[Stored items from a collection]
---

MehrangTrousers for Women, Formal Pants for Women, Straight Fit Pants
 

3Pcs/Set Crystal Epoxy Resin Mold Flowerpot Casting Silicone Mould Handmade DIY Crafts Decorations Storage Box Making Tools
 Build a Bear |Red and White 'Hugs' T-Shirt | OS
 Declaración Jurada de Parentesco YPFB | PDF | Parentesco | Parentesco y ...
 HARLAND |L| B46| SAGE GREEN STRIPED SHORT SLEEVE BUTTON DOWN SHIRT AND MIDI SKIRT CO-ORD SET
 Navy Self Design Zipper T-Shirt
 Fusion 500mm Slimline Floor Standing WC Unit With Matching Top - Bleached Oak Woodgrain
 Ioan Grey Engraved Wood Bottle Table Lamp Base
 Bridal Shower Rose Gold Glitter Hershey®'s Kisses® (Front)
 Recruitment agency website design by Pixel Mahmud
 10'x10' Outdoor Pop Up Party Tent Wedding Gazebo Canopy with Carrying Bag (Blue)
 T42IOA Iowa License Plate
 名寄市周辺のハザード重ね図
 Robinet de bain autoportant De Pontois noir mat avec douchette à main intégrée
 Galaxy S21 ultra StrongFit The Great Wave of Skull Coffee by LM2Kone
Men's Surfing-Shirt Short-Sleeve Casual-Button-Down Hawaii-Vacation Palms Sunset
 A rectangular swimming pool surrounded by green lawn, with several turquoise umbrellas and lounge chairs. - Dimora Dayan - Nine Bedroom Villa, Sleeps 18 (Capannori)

---

Required action :: Return the entries above, every line intact.

Expected output ::
MehrangTrousers for Women, Formal Pants for Women, Straight Fit Pants
 

3Pcs/Set Crystal Epoxy Resin Mold Flowerpot Casting Silicone Mould Handmade DIY Crafts Decorations Storage Box Making Tools
 Build a Bear |Red and White 'Hugs' T-Shirt | OS
 Declaración Jurada de Parentesco YPFB | PDF | Parentesco | Parentesco y ...
 HARLAND |L| B46| SAGE GREEN STRIPED SHORT SLEEVE BUTTON DOWN SHIRT AND MIDI SKIRT CO-ORD SET
 Navy Self Design Zipper T-Shirt
 Fusion 500mm Slimline Floor Standing WC Unit With Matching Top - Bleached Oak Woodgrain
 Ioan Grey Engraved Wood Bottle Table Lamp Base
 Bridal Shower Rose Gold Glitter Hershey®'s Kisses® (Front)
 Recruitment agency website design by Pixel Mahmud
 10'x10' Outdoor Pop Up Party Tent Wedding Gazebo Canopy with Carrying Bag (Blue)
 T42IOA Iowa License Plate
 名寄市周辺のハザード重ね図
 Robinet de bain autoportant De Pontois noir mat avec douchette à main intégrée
 Galaxy S21 ultra StrongFit The Great Wave of Skull Coffee by LM2Kone
Men's Surfing-Shirt Short-Sleeve Casual-Button-Down Hawaii-Vacation Palms Sunset
 A rectangular swimming pool surrounded by green lawn, with several turquoise umbrellas and lounge chairs. - Dimora Dayan - Nine Bedroom Villa, Sleeps 18 (Capannori)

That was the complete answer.